30 seconds is the distance between 2 successive authorization requests from the same session. I don't see it as a service time. In that timeslice there is no computation for the same mobile call. In other words, if there where only 1 call active, in the time between 2 successive authorization requests the system (that accounts only for credit management) would be completely idle. Sorry for not being clear. I hope this clarifies. Of course, there will be other systems in the platform that will be busy for all the session time, eg. the gaming server that broadcast data about other players, or the mobile network devices that serve the call. Thanks
Then explicitly identify the respective service times as you see them and show me how they reconcile with your claim of 40 new sessions/second.
I'll give it a try. I'm focusing only on credit management server. In a time window of 10 minutes it will receive 600X40X5 = 120000 calls, hence 200 calls per seconds on average (I'm multiplying by n. of call by 5 visits). each call is answered in 0.2 sec (service time), giving a resource need of 40 seconds per second; this means that I would need 40 cpus working at 100% load. Of course this will make wait time be huge, so I need to understand how many cpu would I need to have a Response time of 0.5 seconds (or how much should I improve my service time to reduce n of cpu to a reasonable quantity). I'm getting the same results using bounds checking eqn (5.3); service demand D = VxS -> 5x0.2 = 1 second, Xmax = 1/Dmax = 1/1. This (I believe) tells me that only 1 call per second can be completely served by each cpu, so I need 40 cpu to serve 40 calls per seconds. I'm hesitant, does this make sense? 40 new session per second is an input parameter, it is the expected load at peak time.
Well, I'm certainly glad you are trying and I don't want to discourage you, but you begin to see why I don't normally carry on this kind of discussion as a blog commentary. I can't read your mind and you don't have my expertise, so it quickly becomes an endless dance trying to understand each other.
We seem to be quite a distance away from your initial description, as I read it. What happened to the 30 s interim delays for credit deduction?
What happened to the "feedback" you alluded to in your initial description?
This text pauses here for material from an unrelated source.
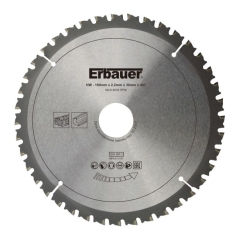 Tarcza uniwersalna Erbauer 190 x 30/20/16 mm 40T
What you are now describing seems to be nothing more than an M/M/m queue or CreateMultiNode() in PDQ, where you'd like to determine the size of m.
In that case, you've almost answered your own question.
If indeed your service demand is just D = 5 * 0.20 s, as you now assert, then that's the best you can do (on average), no matter how many "cpus" you have.
Moreover, you cannot attain a mean response time of better than R = 1 s because Rmin in your current description is just D.
So now, I'm confused (again) as to what question you are really trying to address with your PDQ model. If it's to achieve an R <= 0.5 s, then the only thing you can do is reduce the service demand, e.g., with fewer visits.
I would like to thank you for your patience. Maybe I'd better send you a document describing what I have in mind instead of trying to explain with a few words in a blog comment, if I can get an email address. Response time I cited is intended for the single authorization request; if S=0.2s then R<= 0.5s is my target; if I consider total service demand D=1, then R <= 2.5s is my target. Since for every mobile call I get 5 authorization requests, each with 30 seconds of delay from the preceding, I imagined a model that receives the first authorization request from an external source (users), and for each of them I get 4 further requests. I imagined these 4 further requests as a feedback generated from the first one, but with the 30 seconds delay. It seems that I was wrong and I can get what I need using a mere open queue with no feedback and a service demand = 0.2s x 5 visits. In this way the only outstanding question is how many cpu do I need to serve my load. I just tried o apply eqn. 2.44 in your book to get Response Time in parallel queues and with trial end error I found that I need 67 cpu to match my response time constraint. If I set n of visits v=4, D=0.8, R=2 I need 53 cpu. Reducing service time of just 10%, with v=4, D=0.72, R=2 I need 45 cpu. Thats fun! I'm currently using excel, I'll try to use pdq. I'm in the right path now?
Thanks
No harm done. Come and read PDQ Models: Show Me the Code.
In fact, this discussion has led me to think of some new ideas for PDQ, but more on that later.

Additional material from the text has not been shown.